As Matta-Clark noted in a 1977 interview:
The first thing one notices is that violence has been done. Then the violence turns into visual order and, hopefully, then to a sense of heightened awareness…. You see that light enters places it otherwise couldn’t. Angles and depths can be perceived where they should have been hidden. Spaces are available to move through that were previously inaccessible…. My hope is that the dynamism of the action can be seen as an alternative vocabulary with which to question the static, inert building environment.
The Brooklyn Grange has reclaimed nearly 2.5 acres of land for rooftop farming: 43,000 sq ft in Queens and 65,000 sq. ft. in the Brooklyn Navy Yard. Funded by government grants and crowd-sourcing, a group of activists and architects have created a communal space for good food. Reclaiming vacant lots and rooftops for the purpose of changing the food system is an act of intervention that disrupts the “static, inert building environment” whether the space is as tiny as a Fake Estate or a rooftop of a building the size of Pier 52.

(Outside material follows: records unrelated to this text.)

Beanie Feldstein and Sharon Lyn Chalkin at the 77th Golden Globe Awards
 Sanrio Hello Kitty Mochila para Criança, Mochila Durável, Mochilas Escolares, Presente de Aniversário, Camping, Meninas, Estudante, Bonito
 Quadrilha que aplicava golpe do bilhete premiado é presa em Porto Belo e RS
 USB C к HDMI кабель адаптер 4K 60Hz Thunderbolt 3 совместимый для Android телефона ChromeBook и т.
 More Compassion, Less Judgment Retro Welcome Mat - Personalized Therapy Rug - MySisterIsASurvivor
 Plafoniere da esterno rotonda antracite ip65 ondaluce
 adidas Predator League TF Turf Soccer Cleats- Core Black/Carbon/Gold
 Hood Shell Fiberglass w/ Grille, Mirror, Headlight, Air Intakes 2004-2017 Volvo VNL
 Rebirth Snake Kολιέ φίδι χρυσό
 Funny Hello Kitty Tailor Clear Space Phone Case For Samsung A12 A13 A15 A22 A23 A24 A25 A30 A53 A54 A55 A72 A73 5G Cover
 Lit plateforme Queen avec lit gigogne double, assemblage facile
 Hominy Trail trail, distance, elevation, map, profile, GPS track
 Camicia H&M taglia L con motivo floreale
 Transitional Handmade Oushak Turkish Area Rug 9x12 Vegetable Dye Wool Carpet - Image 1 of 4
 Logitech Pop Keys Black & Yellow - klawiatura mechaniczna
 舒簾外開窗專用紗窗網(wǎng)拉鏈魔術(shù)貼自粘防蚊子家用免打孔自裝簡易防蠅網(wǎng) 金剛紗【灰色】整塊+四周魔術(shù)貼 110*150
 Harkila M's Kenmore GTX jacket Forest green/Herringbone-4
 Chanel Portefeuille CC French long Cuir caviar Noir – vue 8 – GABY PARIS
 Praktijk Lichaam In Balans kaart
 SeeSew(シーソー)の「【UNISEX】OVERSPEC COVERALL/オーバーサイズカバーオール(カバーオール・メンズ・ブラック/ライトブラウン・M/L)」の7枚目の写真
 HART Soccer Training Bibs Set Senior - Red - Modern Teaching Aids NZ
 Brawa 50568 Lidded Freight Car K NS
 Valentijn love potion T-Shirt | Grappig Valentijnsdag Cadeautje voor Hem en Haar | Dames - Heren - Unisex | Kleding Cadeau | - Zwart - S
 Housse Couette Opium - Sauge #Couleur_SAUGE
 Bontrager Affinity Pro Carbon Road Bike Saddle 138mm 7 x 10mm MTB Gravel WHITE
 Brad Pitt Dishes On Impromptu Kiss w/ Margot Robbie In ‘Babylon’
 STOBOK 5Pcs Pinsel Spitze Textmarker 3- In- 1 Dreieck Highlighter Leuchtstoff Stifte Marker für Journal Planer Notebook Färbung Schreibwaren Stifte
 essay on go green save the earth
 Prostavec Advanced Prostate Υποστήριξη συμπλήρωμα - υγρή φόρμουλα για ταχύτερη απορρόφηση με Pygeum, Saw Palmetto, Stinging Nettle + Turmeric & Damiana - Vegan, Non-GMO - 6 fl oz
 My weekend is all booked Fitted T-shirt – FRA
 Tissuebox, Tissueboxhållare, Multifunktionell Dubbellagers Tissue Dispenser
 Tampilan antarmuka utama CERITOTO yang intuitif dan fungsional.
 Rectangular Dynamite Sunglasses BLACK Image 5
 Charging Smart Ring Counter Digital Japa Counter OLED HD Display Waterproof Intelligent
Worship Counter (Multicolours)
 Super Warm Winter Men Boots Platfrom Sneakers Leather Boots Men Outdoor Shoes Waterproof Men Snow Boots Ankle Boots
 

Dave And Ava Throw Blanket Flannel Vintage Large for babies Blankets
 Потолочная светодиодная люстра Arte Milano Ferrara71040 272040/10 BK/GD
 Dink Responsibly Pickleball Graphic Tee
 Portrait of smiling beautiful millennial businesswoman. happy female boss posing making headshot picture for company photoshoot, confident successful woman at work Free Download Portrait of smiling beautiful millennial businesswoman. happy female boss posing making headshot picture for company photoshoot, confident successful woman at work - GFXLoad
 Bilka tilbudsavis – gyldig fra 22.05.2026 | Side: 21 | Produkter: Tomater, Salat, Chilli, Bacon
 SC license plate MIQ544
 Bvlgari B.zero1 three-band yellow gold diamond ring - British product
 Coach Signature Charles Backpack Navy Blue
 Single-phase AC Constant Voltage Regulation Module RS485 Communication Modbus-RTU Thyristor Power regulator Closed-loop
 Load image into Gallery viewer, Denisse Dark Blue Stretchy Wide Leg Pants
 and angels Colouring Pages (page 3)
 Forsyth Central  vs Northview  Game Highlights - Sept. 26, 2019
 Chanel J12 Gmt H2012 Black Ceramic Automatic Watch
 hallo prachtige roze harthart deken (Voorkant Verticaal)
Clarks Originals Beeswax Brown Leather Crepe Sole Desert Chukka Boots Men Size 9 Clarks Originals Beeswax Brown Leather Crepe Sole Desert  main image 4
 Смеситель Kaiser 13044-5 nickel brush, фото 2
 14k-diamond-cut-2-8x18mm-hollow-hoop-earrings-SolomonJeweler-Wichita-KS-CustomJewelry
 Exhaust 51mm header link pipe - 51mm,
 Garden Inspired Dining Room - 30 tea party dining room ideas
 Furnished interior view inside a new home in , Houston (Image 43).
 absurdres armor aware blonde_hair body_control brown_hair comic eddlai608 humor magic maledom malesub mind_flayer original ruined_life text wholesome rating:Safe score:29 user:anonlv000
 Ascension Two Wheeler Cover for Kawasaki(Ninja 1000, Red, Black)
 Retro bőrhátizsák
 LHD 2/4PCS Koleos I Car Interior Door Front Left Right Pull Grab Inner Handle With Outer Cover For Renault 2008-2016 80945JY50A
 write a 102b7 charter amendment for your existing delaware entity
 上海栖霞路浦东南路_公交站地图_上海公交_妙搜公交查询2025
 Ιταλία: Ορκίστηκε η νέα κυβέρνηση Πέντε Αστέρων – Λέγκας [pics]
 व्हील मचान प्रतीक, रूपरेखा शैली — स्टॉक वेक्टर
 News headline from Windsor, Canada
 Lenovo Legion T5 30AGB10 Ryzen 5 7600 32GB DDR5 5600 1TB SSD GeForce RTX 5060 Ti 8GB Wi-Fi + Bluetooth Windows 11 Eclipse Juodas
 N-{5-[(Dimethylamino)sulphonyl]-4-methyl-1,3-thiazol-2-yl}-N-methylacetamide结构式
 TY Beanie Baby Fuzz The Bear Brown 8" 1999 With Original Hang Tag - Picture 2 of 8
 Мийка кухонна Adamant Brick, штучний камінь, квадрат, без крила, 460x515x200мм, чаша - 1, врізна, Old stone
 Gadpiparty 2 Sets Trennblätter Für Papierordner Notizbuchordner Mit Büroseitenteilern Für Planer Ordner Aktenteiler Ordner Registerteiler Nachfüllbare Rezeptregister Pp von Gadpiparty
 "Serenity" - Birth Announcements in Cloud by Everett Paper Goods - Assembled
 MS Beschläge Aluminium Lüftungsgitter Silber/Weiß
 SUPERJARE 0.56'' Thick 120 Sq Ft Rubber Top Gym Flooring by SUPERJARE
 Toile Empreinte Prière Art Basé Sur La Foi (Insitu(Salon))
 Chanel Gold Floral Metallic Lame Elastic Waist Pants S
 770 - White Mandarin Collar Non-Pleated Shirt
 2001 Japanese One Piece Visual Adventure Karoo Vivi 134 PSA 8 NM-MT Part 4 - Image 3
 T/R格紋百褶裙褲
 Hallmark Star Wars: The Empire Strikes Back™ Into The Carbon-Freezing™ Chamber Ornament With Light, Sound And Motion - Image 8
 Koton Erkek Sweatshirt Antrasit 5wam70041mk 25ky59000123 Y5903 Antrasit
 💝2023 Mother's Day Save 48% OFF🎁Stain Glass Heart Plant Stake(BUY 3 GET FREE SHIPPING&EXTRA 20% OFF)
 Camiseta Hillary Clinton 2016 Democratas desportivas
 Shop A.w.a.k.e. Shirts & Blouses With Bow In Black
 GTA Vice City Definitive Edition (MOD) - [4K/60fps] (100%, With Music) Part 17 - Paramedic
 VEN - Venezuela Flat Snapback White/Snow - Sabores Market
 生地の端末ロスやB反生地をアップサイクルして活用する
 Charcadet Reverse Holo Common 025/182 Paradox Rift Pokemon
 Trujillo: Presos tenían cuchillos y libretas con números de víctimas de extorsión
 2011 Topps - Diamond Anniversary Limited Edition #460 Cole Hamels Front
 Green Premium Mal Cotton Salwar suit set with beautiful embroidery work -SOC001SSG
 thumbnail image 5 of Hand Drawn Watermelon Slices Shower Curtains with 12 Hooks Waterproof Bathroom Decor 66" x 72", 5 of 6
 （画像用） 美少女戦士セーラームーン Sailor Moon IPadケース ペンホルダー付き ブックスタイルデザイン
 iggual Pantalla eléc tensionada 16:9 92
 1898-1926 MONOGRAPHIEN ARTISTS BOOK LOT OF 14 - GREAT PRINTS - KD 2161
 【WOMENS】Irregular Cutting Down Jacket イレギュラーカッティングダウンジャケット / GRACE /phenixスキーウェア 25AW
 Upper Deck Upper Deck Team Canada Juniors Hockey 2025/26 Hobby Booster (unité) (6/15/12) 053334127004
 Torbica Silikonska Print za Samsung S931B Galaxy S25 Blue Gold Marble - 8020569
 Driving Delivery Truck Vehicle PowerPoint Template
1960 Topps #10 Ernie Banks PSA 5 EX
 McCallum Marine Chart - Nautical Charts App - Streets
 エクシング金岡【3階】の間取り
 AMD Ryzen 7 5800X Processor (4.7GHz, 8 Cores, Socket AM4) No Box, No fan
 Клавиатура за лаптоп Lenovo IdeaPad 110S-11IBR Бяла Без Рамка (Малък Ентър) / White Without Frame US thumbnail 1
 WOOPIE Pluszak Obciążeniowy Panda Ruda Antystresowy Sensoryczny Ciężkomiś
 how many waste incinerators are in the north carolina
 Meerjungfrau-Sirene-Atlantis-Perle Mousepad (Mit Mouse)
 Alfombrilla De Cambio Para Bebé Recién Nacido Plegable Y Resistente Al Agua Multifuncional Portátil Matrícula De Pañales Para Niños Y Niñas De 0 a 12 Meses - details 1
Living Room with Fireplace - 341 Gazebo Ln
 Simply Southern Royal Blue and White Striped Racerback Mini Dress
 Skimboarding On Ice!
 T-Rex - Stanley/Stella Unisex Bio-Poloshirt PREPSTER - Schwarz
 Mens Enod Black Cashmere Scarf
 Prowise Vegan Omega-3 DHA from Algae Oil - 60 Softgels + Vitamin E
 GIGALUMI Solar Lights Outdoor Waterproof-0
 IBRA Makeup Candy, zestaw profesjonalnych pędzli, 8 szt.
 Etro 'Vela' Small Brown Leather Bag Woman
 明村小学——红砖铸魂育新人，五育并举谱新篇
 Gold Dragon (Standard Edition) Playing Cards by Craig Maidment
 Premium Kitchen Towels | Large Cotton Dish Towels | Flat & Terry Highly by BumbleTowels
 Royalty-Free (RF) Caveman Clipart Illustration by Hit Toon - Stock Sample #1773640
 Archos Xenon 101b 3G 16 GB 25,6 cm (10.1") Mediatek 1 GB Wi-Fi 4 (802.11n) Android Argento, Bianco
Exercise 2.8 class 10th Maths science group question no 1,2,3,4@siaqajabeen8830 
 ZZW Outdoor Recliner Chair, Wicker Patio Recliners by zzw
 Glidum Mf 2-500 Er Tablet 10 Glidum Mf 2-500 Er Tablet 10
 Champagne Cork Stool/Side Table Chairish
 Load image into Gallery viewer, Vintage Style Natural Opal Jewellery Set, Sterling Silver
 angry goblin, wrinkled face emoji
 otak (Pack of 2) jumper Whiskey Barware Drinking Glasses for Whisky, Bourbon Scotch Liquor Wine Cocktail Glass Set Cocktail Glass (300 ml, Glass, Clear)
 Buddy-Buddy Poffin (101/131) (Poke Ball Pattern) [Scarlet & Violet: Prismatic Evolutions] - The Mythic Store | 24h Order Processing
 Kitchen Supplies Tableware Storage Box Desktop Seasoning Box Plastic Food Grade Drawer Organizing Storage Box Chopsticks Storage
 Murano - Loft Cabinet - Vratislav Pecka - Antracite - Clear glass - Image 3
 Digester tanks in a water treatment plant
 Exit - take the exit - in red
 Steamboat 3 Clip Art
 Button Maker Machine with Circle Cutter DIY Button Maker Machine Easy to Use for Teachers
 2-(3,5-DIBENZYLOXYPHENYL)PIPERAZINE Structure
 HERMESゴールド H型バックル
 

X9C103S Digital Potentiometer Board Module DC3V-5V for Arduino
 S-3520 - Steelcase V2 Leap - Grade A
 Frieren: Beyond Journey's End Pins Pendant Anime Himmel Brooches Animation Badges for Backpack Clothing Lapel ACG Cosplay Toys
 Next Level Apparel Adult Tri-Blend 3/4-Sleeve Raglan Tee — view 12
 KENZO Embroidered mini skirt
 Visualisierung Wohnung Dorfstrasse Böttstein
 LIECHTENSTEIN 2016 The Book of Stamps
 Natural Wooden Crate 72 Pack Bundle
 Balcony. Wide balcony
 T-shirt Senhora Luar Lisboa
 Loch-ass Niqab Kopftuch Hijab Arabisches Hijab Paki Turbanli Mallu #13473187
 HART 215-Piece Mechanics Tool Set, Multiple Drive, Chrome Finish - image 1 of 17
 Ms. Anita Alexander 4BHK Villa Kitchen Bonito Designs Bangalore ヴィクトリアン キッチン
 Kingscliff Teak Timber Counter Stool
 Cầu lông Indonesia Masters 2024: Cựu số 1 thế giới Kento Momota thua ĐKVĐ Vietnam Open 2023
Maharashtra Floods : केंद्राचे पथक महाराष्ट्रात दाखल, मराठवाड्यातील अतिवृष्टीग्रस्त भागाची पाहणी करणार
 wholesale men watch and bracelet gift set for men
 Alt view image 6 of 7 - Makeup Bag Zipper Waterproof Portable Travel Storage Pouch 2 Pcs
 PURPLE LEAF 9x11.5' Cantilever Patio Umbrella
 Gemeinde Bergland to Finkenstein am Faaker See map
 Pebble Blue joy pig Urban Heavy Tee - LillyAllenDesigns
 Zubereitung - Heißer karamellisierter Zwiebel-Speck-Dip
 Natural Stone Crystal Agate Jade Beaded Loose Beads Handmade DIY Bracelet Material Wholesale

In a review of White Column’s Odd Lots exhibit, art critic Michael Kimmelman says that Gordon Matta Clark’s cuttings were “…interested in the topology of absence: places physically unloosed, elegiac sites, intensely felt. They awaited his intervention, through which people might picture the city afresh, might reconsider notions of property and ownership and social exchange – the forces that govern our lives”.